パリ・オリンピックを戦ったU-23サッカー日本代表の挑戦が幕を下ろした。ベスト8で敗退と、渇望したメダルには手が届かなかった。だが、その戦いぶりは、チームとして、個人として、大きな期待を抱かせるものだった。未来のサムライブルーの可能性に、サッカージャーナリスト後藤健生が切り込む。
■大きな「誤算」と順当な「結果」
パリ・オリンピックに挑戦したU-23日本代表は準々決勝でスペインに敗れて、メダル獲得の夢はついえた。
せっかくグループリーグを3戦全勝の首位で通過したのに、C組でスペインが2位となってしまって、準々決勝で大会最強国の一つと当たることになってしまったのは大きな誤算、大きな不運だった。
そして、0対3の敗戦……。スペインが日本より一枚上手だったことは素直に認めなければならないだろう。
日本はオリンピックの舞台で4試合を戦ったのだが、きわめて分かりやすい結果だった。
「格上」のスペイン相手には完敗したものの、グループリーグではマリ戦はかなり苦しい展開となり、GK小久保玲央ブライアンの堅守がなければ負けていたかもしれないが、パラグアイとイスラエル相手には完勝することができた。
パラグアイやイスラエルに対して、日本は「格上」の立場に立って、何も焦ることもなく、落ち着いて戦って順当に勝利した。これまでの世界大会では、日本はどんな相手にも必死で戦って勝利を拾っていたのだが、今大会のグループリーグでは計算通りに、ターンオーバーを使いながら戦って、順当に勝ち切った。これまでの日本代表にはない戦い方だったと言っていい。

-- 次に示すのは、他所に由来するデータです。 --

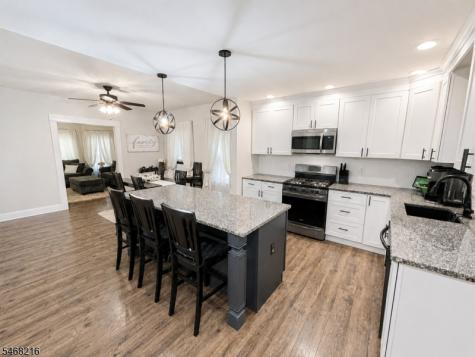 14 Livingston Lyndhurst NJ 07071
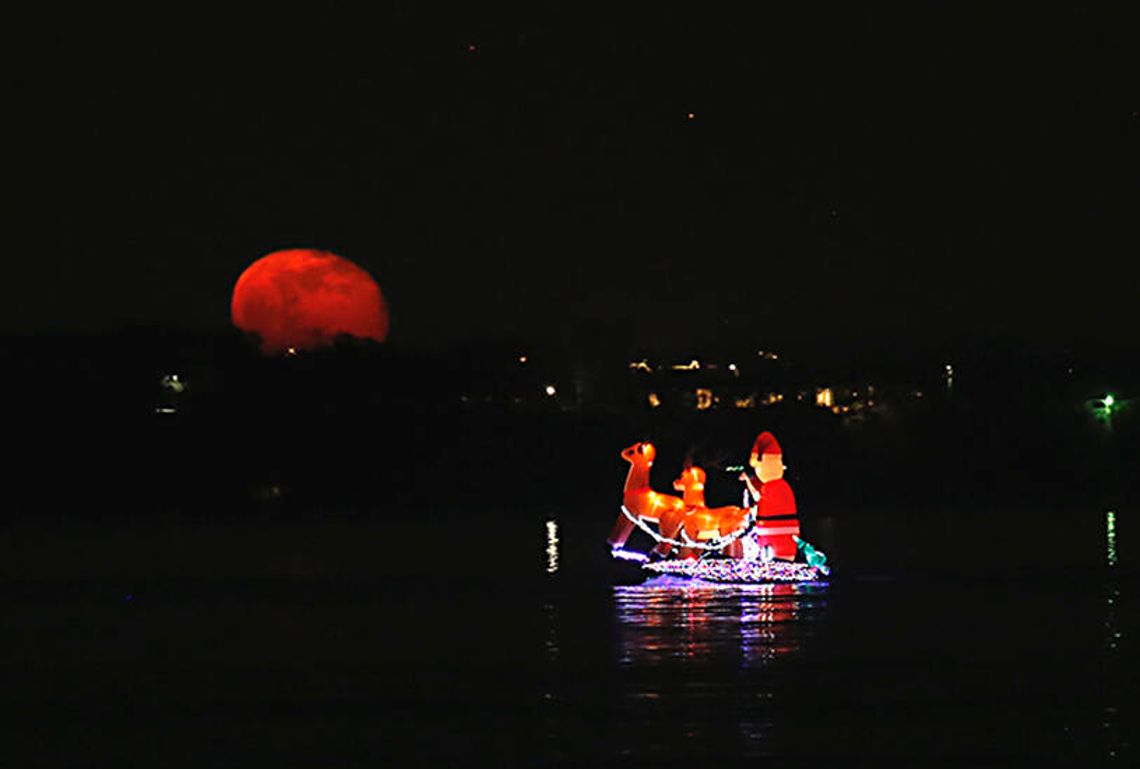 Annual lighted boat parade wows spectators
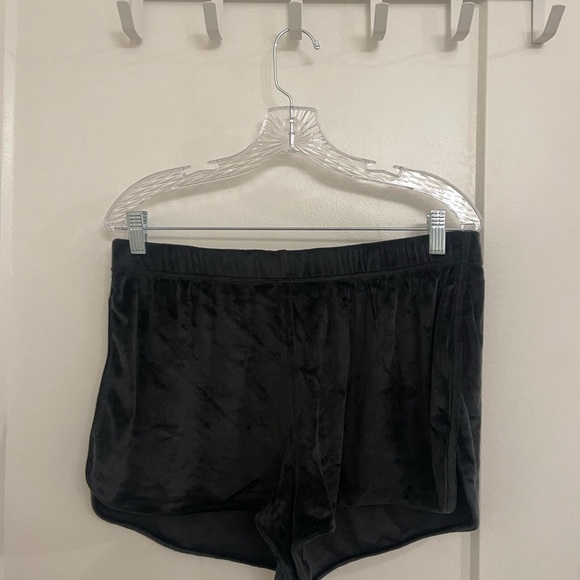 Juicy Couture XL Beaded Juicy Black Velour Athletic Lounge Shorts - Picture 2 of 5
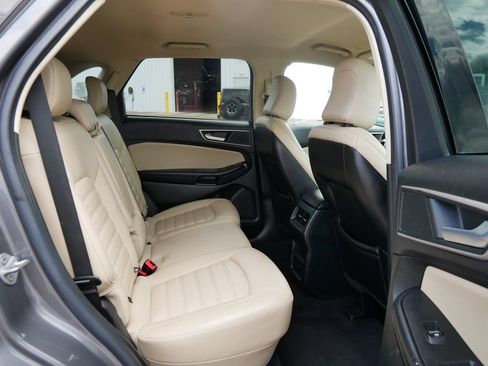 Used 2023 Ford Edge SEL AWD/4WD image 12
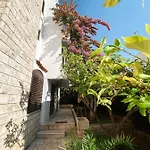 Ξενοδοχείο με διαμερίσματα Mare Supetar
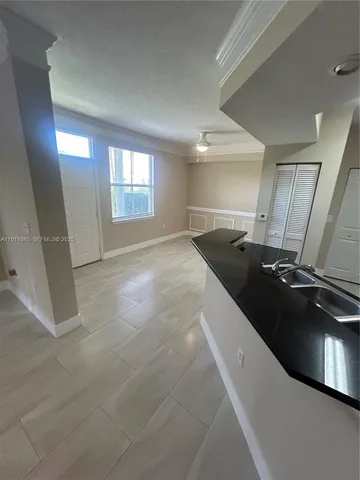 $2,300 | 2032 Alta Meadows Lane, Unit 1111, Delray Beach, FL 33444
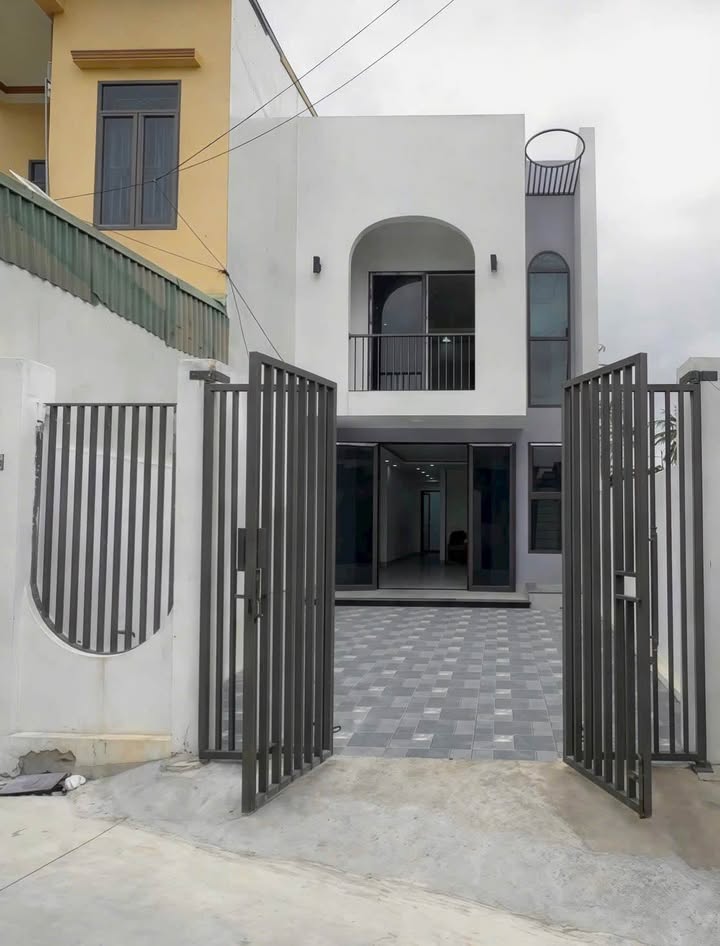 Nhà 97m² Quảng Thịnh - 2.3 Tỷ - Ô tô Ngủ Trong Nhà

ちなみに、同じく準々決勝で散った女子日本代表(なでしこジャパン)も“順当な”結果を残した。「格上」のスペインとアメリカには善戦したものの、あと一歩の差で惜敗。そして、対等の関係にあるブラジルには激戦の末に谷川萌々子のスーパーゴールで辛勝。「格下」のナイジェリア相手には余裕の勝利だった。